**Activity:**
Only lines that contain the word "Residence" belong in the answer; copy them from the records below.

==== Records shown ====

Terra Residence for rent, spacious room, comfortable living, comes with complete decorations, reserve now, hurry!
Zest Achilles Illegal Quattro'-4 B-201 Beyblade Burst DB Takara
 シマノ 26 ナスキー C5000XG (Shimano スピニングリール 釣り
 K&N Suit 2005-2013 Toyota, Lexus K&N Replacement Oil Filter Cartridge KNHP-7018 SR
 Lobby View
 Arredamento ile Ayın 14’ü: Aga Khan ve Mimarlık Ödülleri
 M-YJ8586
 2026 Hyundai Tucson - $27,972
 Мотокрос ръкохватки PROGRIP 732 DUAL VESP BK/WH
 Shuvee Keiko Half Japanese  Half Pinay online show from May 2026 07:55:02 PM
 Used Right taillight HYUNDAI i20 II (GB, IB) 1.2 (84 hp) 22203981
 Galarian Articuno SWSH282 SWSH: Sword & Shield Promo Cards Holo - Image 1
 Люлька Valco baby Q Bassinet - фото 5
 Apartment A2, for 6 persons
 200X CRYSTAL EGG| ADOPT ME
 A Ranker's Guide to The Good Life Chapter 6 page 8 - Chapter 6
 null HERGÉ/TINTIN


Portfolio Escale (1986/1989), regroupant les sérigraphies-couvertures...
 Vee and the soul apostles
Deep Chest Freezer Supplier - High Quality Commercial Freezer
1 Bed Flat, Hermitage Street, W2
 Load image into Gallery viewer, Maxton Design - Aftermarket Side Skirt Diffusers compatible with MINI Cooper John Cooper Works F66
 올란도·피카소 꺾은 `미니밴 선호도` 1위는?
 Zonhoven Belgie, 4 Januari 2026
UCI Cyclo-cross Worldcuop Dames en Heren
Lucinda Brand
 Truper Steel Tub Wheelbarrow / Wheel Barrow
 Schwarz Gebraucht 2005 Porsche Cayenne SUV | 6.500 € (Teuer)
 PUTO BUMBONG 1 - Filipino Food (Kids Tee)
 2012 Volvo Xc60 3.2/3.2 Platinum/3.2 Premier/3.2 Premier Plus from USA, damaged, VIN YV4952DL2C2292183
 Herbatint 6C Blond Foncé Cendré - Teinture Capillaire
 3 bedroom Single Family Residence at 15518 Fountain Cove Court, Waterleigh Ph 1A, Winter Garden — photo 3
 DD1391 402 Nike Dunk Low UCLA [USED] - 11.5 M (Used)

====

**Output of the exercise:**
Terra Residence for rent, spacious room, comfortable living, comes with complete decorations, reserve now, hurry!
 3 bedroom Single Family Residence at 15518 Fountain Cove Court, Waterleigh Ph 1A, Winter Garden — photo 3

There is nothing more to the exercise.